This Canadian version of an old standard is a good substitute for dinner.

It is not anti-Catholic bias that makes me dislike the Bloody Mary, that lumpish combination of tomato juice and vodka named after a 16th-century English queen who, despite the immense reach of her royal powers, found burning Protestants alive the most effective display of majesty.

My prejudice is against its contents: the pulverised tomatoes that look like run-off from a Tudor torture chamber. A whole tomato is a source of joy and, occasionally, wonder (I remember learning that the Farsi for tomato is gojeh farangi, which translates literally as “foreign plum”) – and I am as fond of pizza as anyone. Most accessories to the Bloody Mary are fine with me: Worcestershire sauce, Tabasco, celery, black pepper, even sherry or oysters. But generally I share the curmudgeon Bernard DeVoto’s mistrust of fruit juice in my spirits: “all pestilential, all gangrenous, all vile” was the great man’s verdict. His main objection was sweetness but I will include the admittedly savoury tomato in my ban. At the cocktail hour, I have been known to crave all kinds of odd concoctions but none has included pulp.

To many, the whole point of a Bloody Mary is that you don’t wait until the cocktail hour. This seems to entail a certain shying away from unpleasant realities. I know perfectly well the reaction I would get if I were to ask for a grilled tomato and a chilled Martini at brunch: my friends would start likening me to F Scott Fitzgerald and they wouldn’t be referring to my writing talent. Despite its remarkably similar contents, a Bloody Mary is a perfectly acceptable midday, middle-class beverage.

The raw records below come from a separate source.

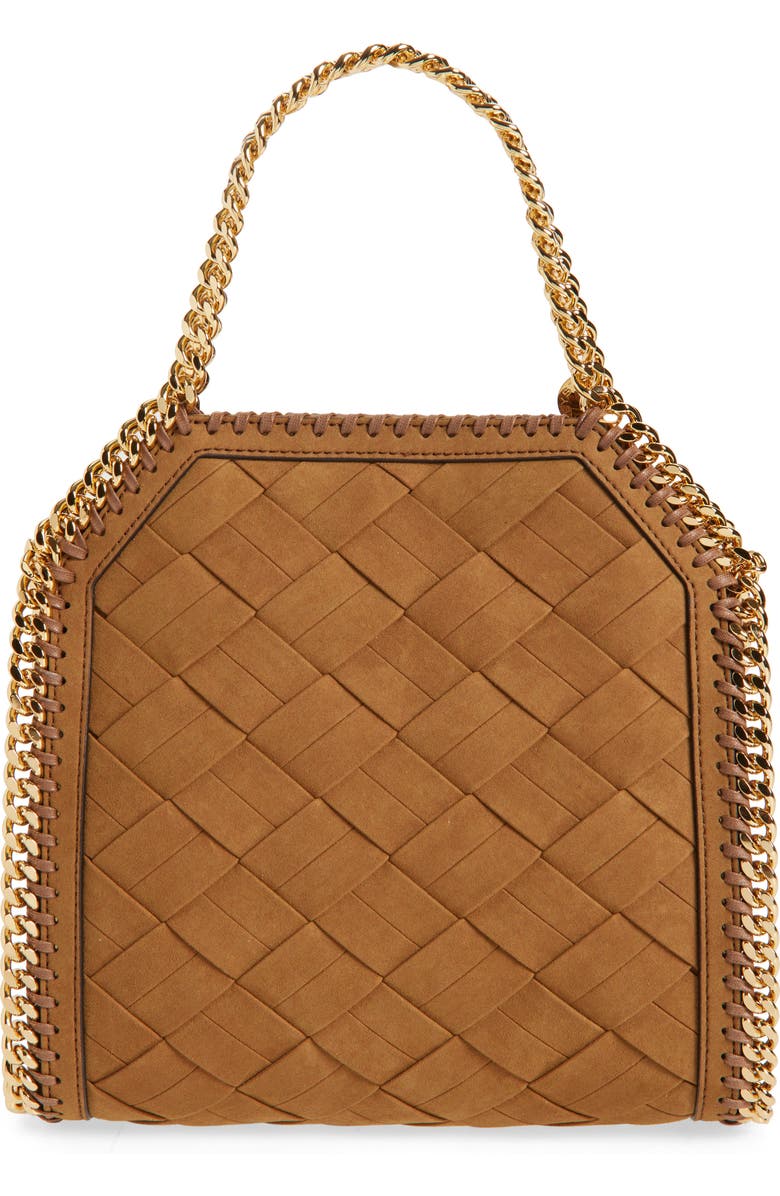 Stella McCartney Mini Falabella Woven Faux Suede Crossbody Bag, Alternate, color, Brandy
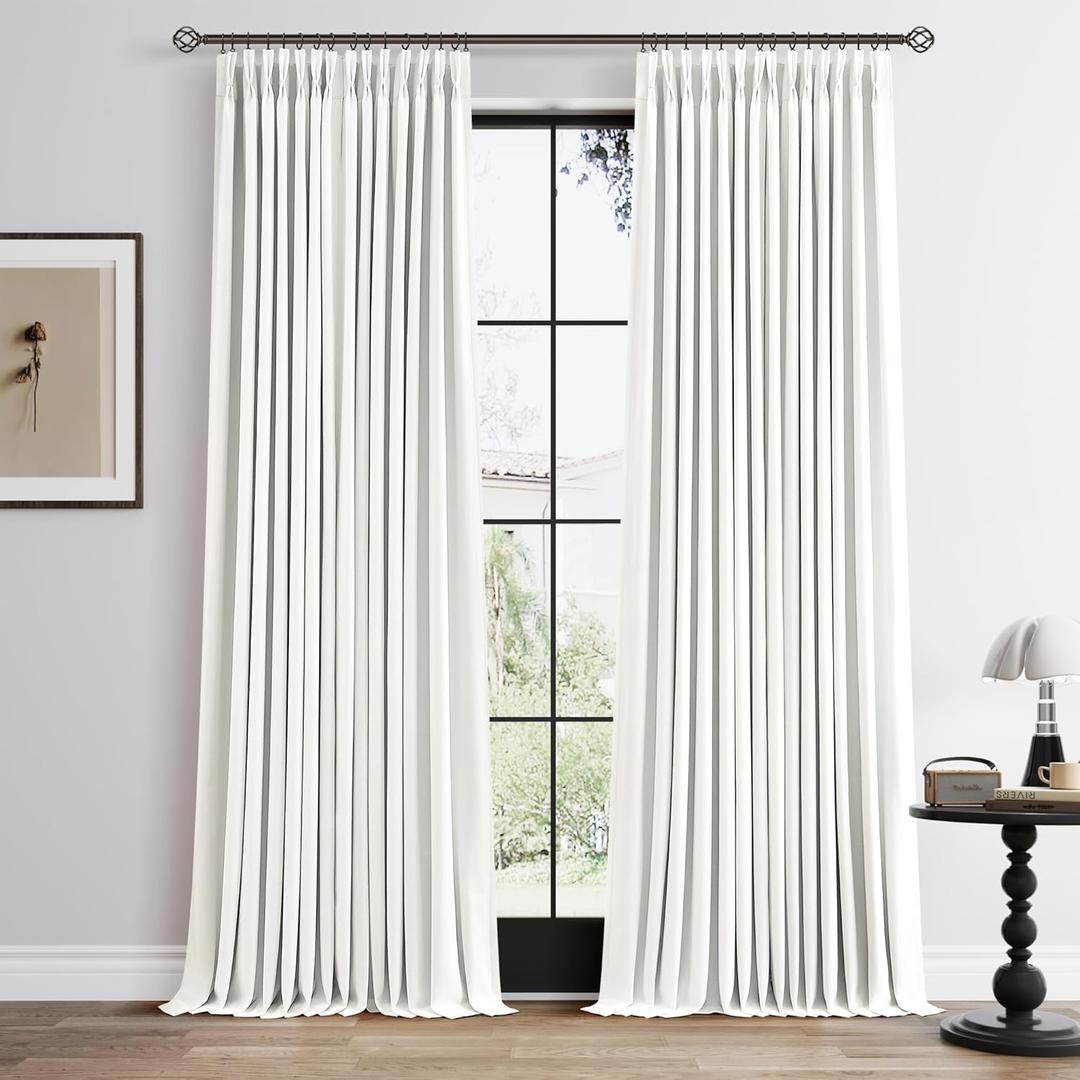 Off White 100% Blackout Pinch Pleated Linen Curtains 90 Inch Length 2 Panels for Living Room Bedroom 2 Layer White Light Blocking Thermal Insulated Pinch Pleat Room Darkening Curtains 90 Inches Long
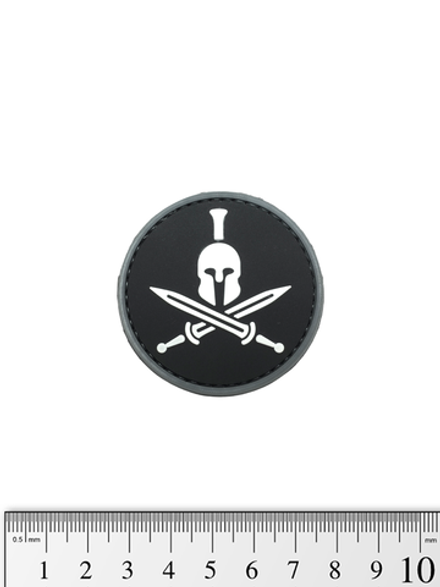 Шеврон Спартанец круг PVC 5 см. Чёрный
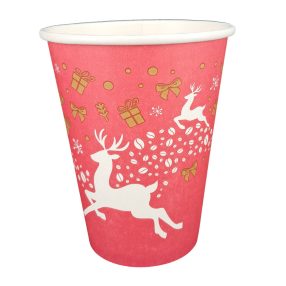 Karácsonyi papírpohár, piros 3 dl - 12oz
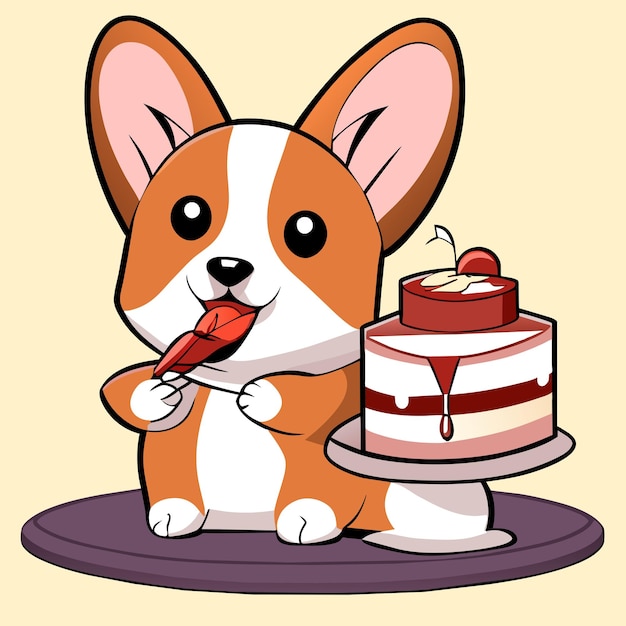 cute corgi eating cake vector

If the original Mary were here to witness such hypocrisy, she would surely tut and reach for her firelighters.

Yet, like the good Catholic I certainly am not, I must confess, for I have seen the error of my ways. In July, on Vancouver Island, I tried a Bloody Caesar – Canada’s spirited response to England’s favourite breakfast tipple (“I’ll see your Tudor queen, you bunch of retrograde royalists, and raise you a Roman emperor”). The main difference is a weird yet oddly palatable concoction called Clamato: tomato juice thinned and refined by clam juice. Replace your standard slop with this stuff, which has all the tang of tomato yet flows like a veritable Niagara, and you will have a drink far stranger yet more delicious than the traditional version.

Apparently, the Caesar was invented by an Italian restaurateur in Calgary, Alberta, who wanted a liquid version of his favourite dish from the old country: spaghetti alle vongole in rosso (clam and tomato spaghetti). He got it – and, more importantly, the rest of us got something we can drink not at breakfast but instead of dinner. Find a really interesting garnish – pickled bull kelp or spicy pickled celery, say – and you can even claim to have eaten your greens.

I’m sure that dedicated fans of the Bloody Mary will consider this entire column heretical, which seems appropriate: that’s the side I was born on, being Jewish, and I like to hope I wouldn’t switch even under extreme forms of persuasion. But this cocktail is in any case a broad church: few cocktails come in so many different incarnations.

The original was invented, according to him, by Fernand Petiot, who was a French barman in New York during Prohibition (and so must have known a thing or two about hypocrisy). It includes lemon juice and a “layer” of Worcestershire sauce and the tomato juice is strained; it may also actually have been named after a barmaid.

All of which proves only that dogma has no place at the bar. Variety is the spice of life, which makes it ironic that the world’s spiciest cocktail bestows a frivolous immortality on a woman who believed all choice to be the work of the devil.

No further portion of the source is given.